September 9, 2008 4:34 PM | Reply | Permalink
Gee! How shocking that the pack of criminals known as the Republican Party would try and rig an election!
I'm sure the Justice Department will get right on it.
September 9, 2008 4:45 PM | Reply | Permalink
After 8 years of the Bush/Cheney gang, the Republican corruption and hypocrisy, the Republicans know they can't win many elections this time around unless they steal them.
Be on your guard.
September 9, 2008 5:32 PM | Reply | Permalink
Corrupt Republicans? In the South?! No way!
September 9, 2008 6:05 PM | Reply | Permalink
Speaking as an outside observer, this is the one part of your electoral system that spins me out.
September 9, 2008 8:39 PM | Reply | Permalink
Speaking as an outside observer, this is the one part of your electoral system that spins me out.
Utterly insane!
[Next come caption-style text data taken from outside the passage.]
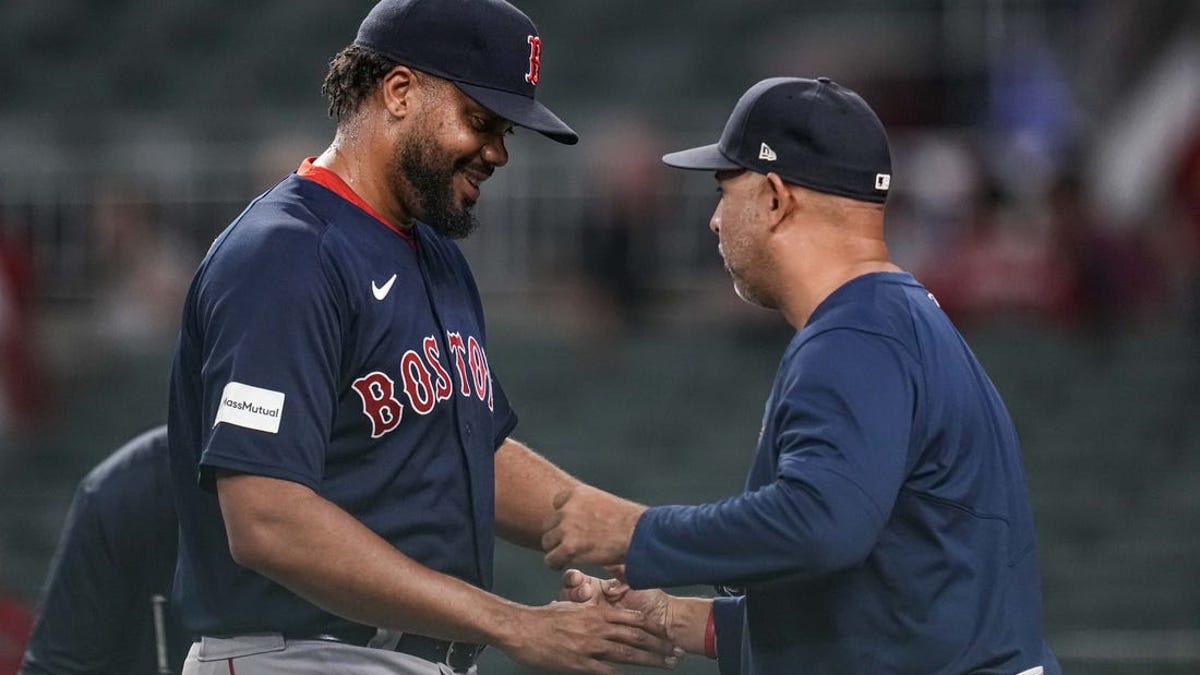 How Red Sox closer Kenley Jansen rebuilt his mind and body to reach 400  saves - The Athletic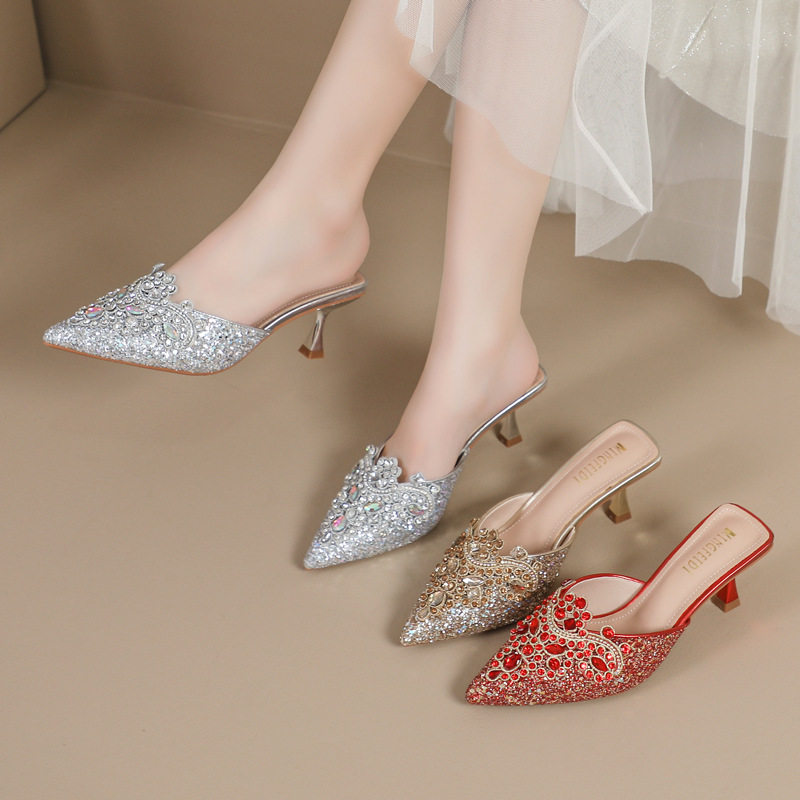 2026年夏新款网红水钻半拖鞋包头凉拖高跟拖鞋女外穿时尚细跟尖头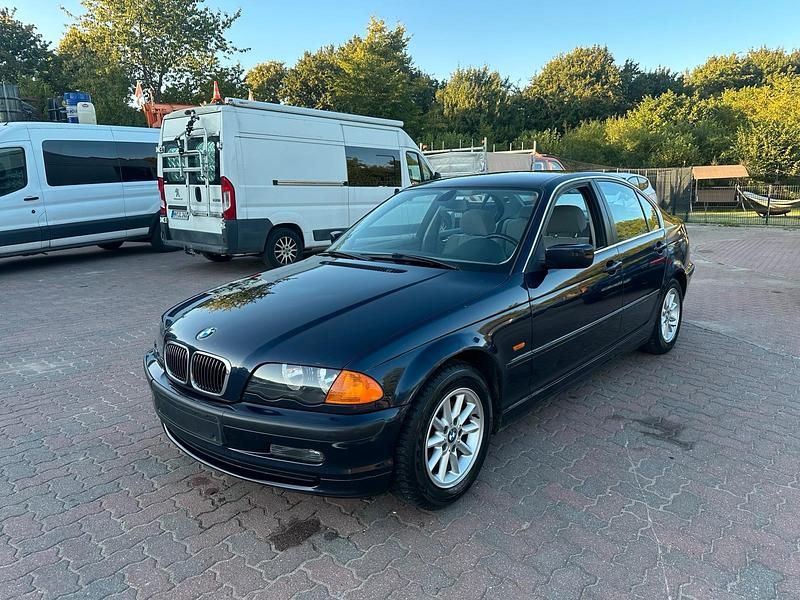 Blau Gebraucht 2000 BMW 323 Limousine | 3.500 € (Guter Preis) - Bild 1/4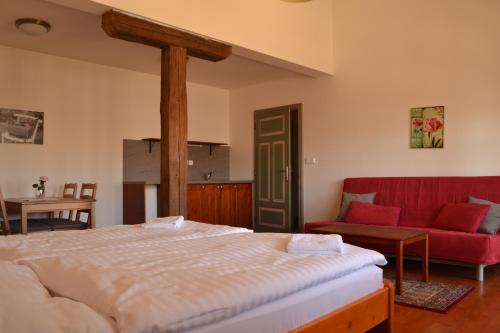 Postel nebo postele na pokoji v ubytování Penzion Dvůr Krasíkov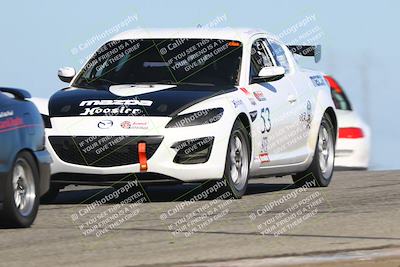 media/Oct-26-2025-CalClub SCCA (Sun) [[8ce1e69566]]/Group 2/Grapevine/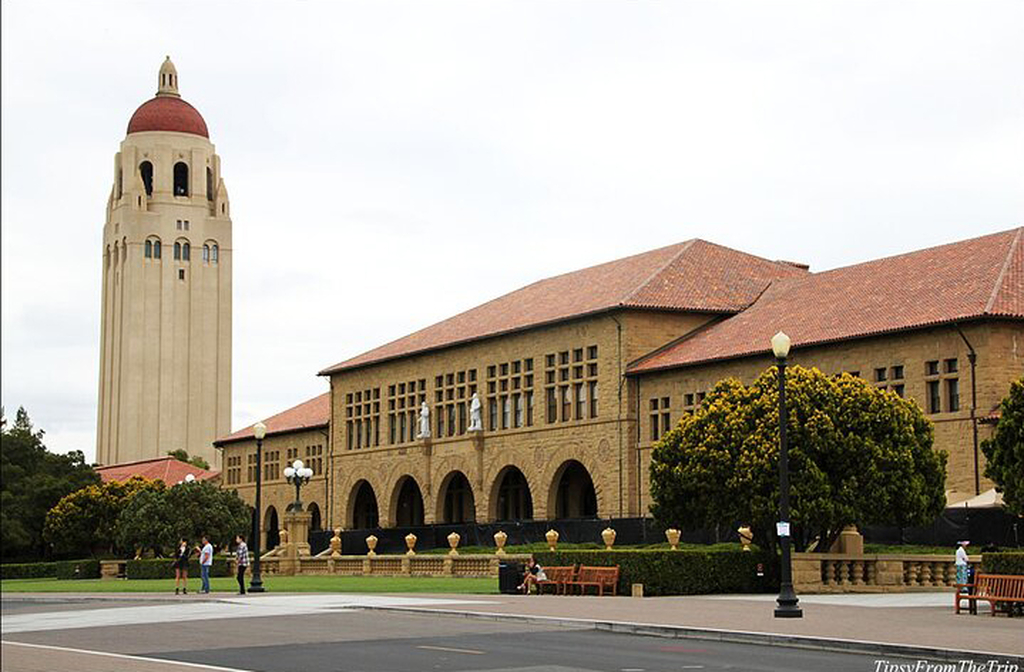 A Universidade de Stanford, localizada em Palo Alto, é uma das instituições mais prestigiadas do mundo. Ela é considerada o berço da inovação tecnológica, tendo impulsionado o surgimento de gigantes do Vale do Silício.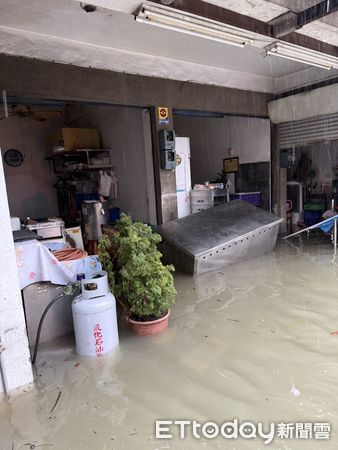 ▲貨車強行駛入台南後壁積水路段激起水波，衝壞店家玻璃門並造成民眾受傷。（民眾提供，下同）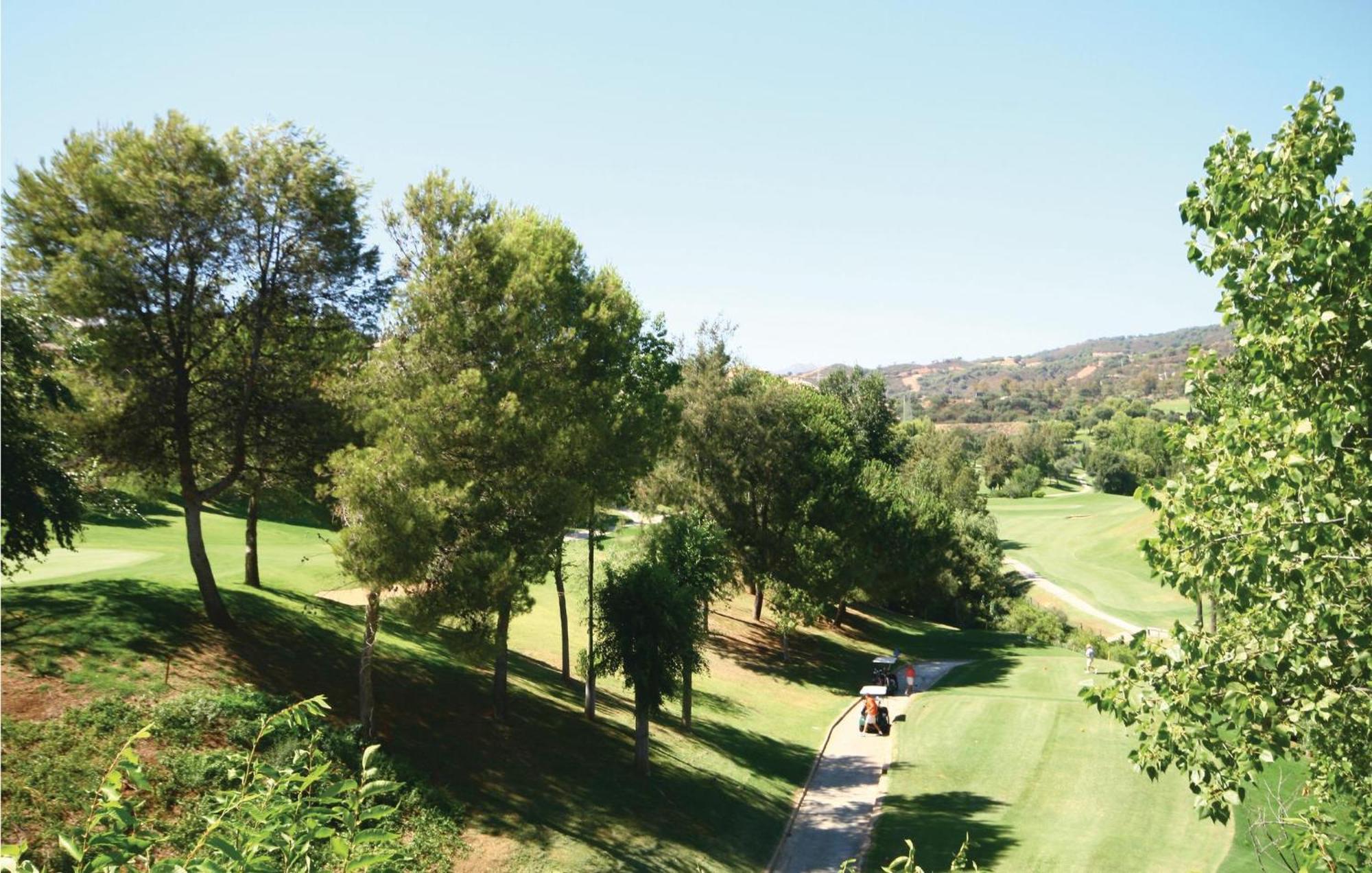 Beautiful Apartment In Marbella-Elviria Exteriör bild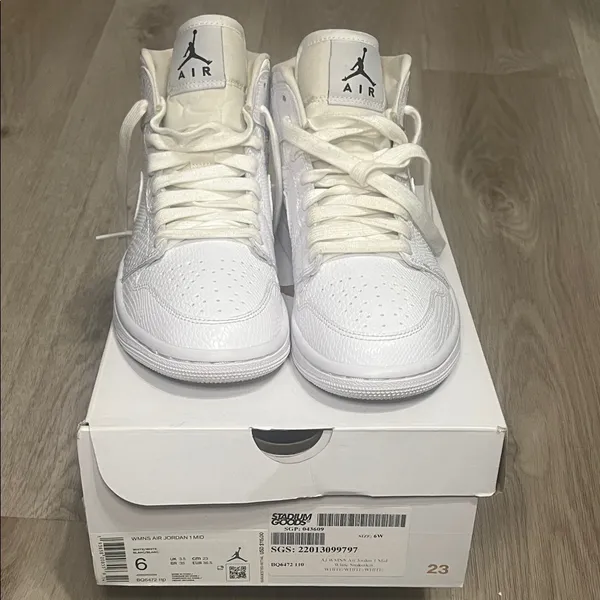 Jordan White snake skin High-Top Sneakers - Image 2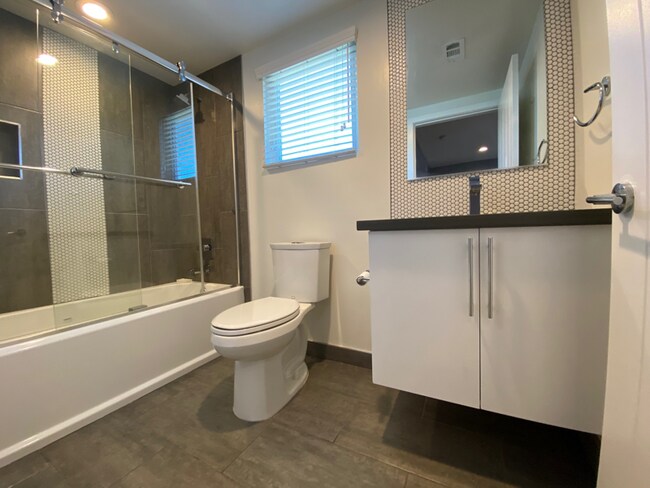 Building Photo - 627 N Mariposa Ave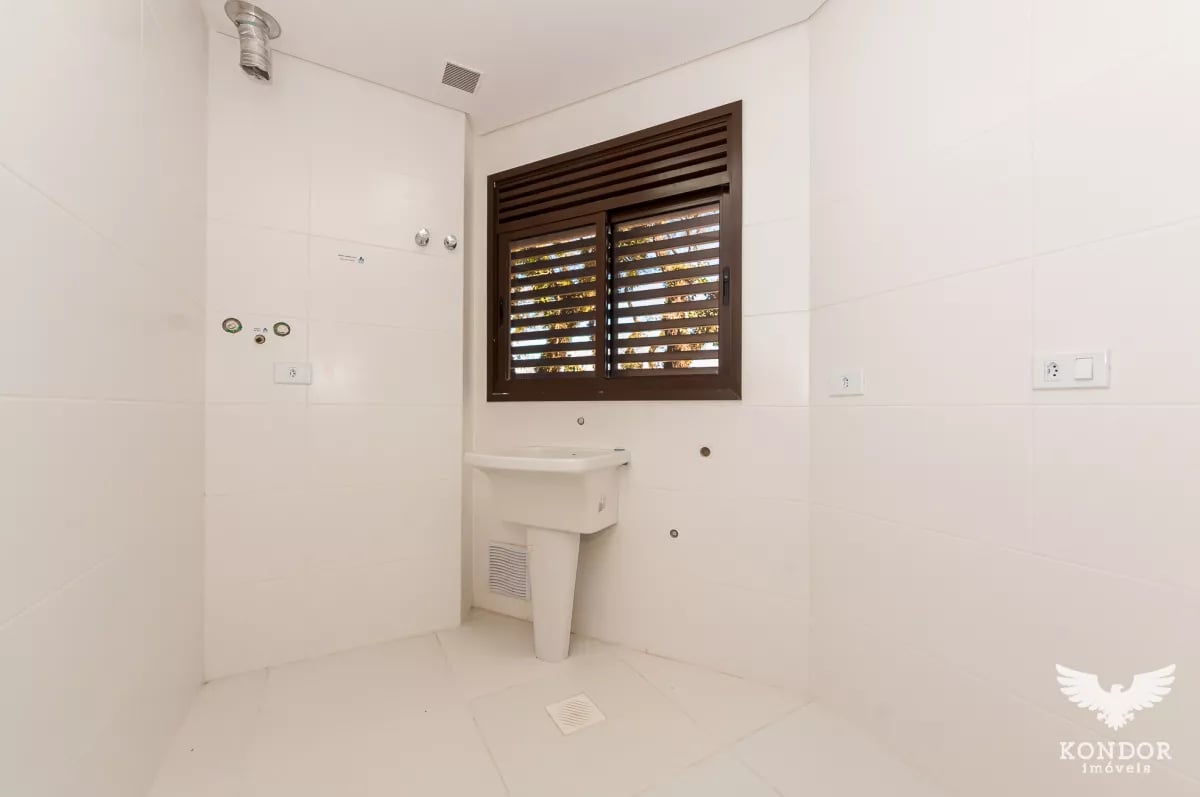 Apartamento no PORTÃO com 101,58 m²
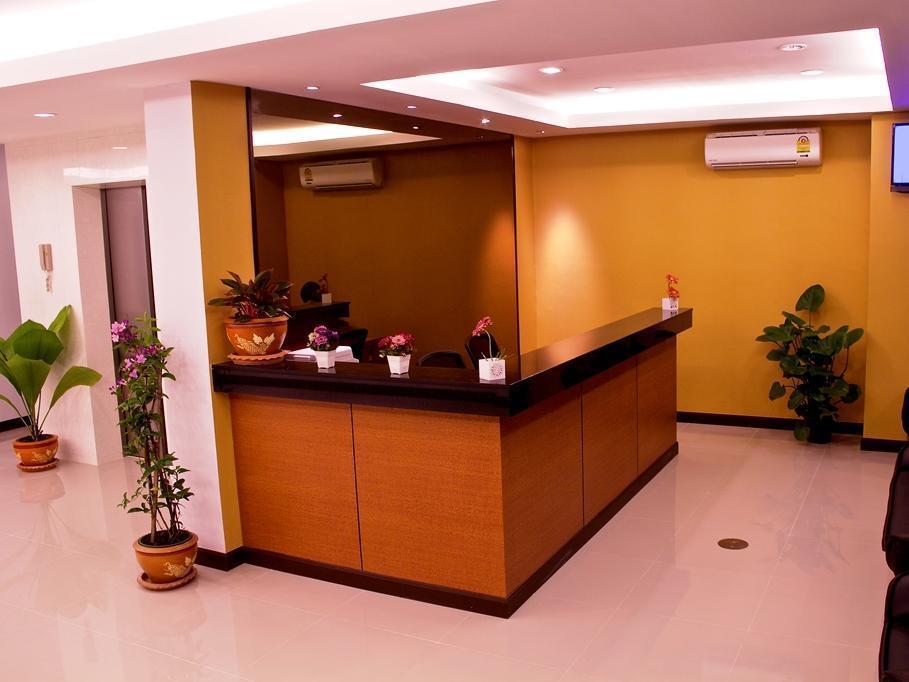 Oyo 373 Mc Ginger House Hotel Patong Ngoại thất bức ảnh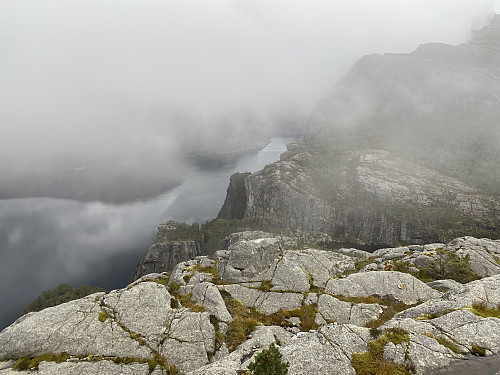 Frå Lepsafjellet mot fjorden og den nederste tjødna i Neverdalen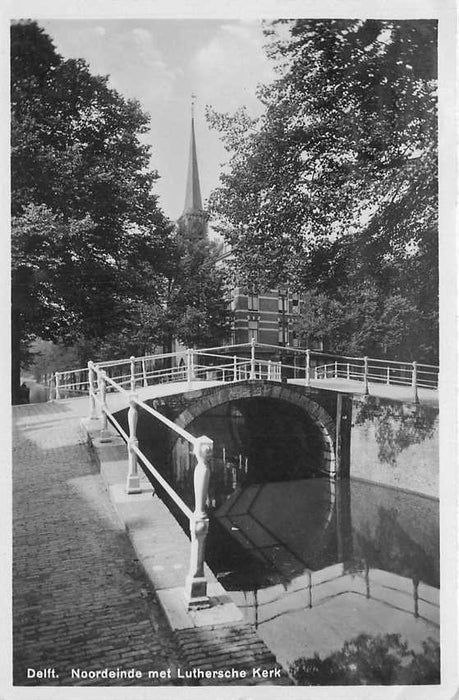 Delft Noordeinde met Luthersche Kerk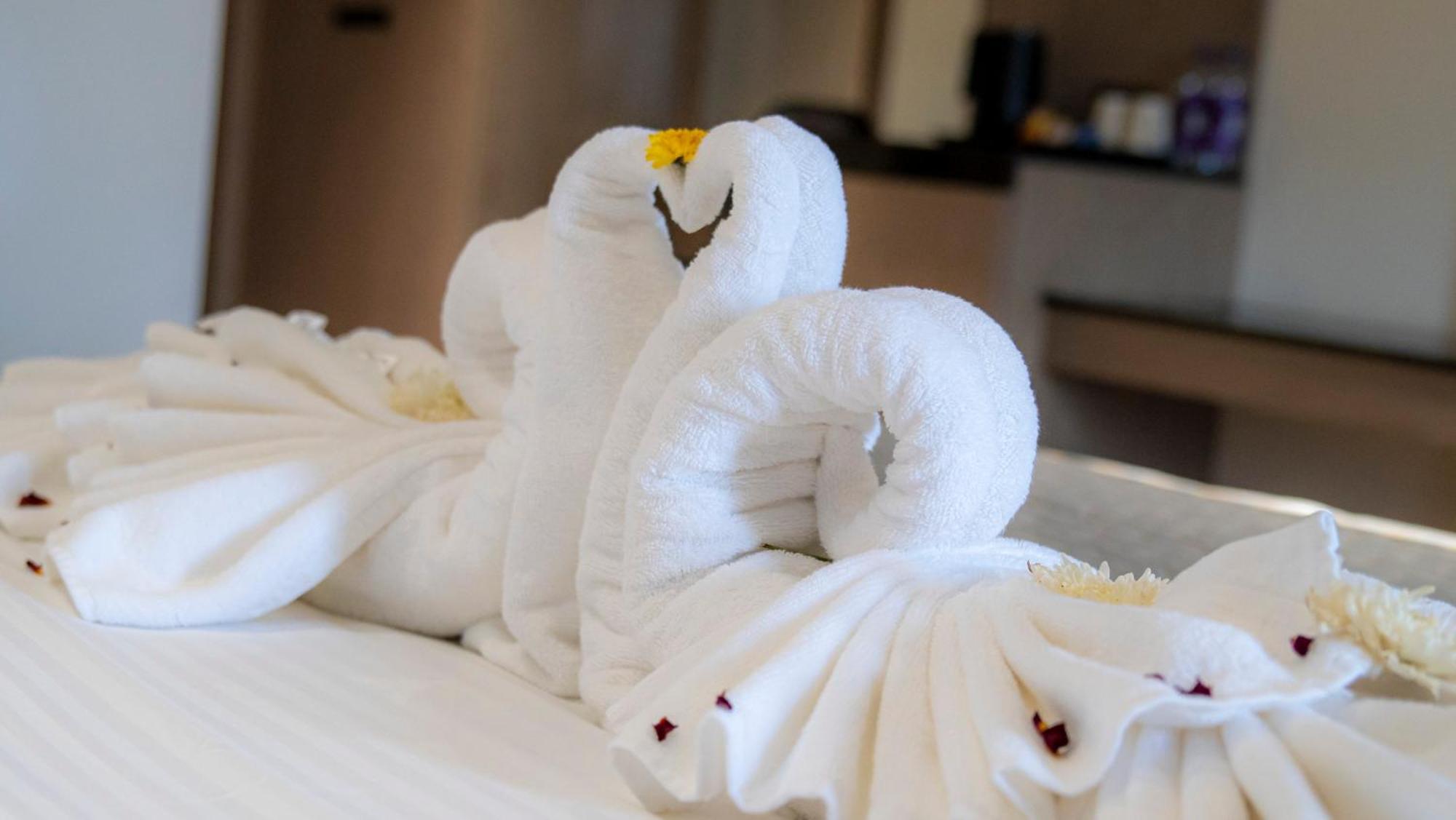 Hotel Tulips Grand Haiderabad Buitenkant foto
How do you guys manage with partisan electoral commissions?
Perhaps an independent controlling the election might be something to try before criminal sanctions, eh :)
September 9, 2008 8:39 PM | Reply | Permalink
How do you guys manage with partisan electoral commissions?
What's the alternative? How would you rid our electoral commissions of partisanship?
And not just overt partisanship - I mean all partisanship.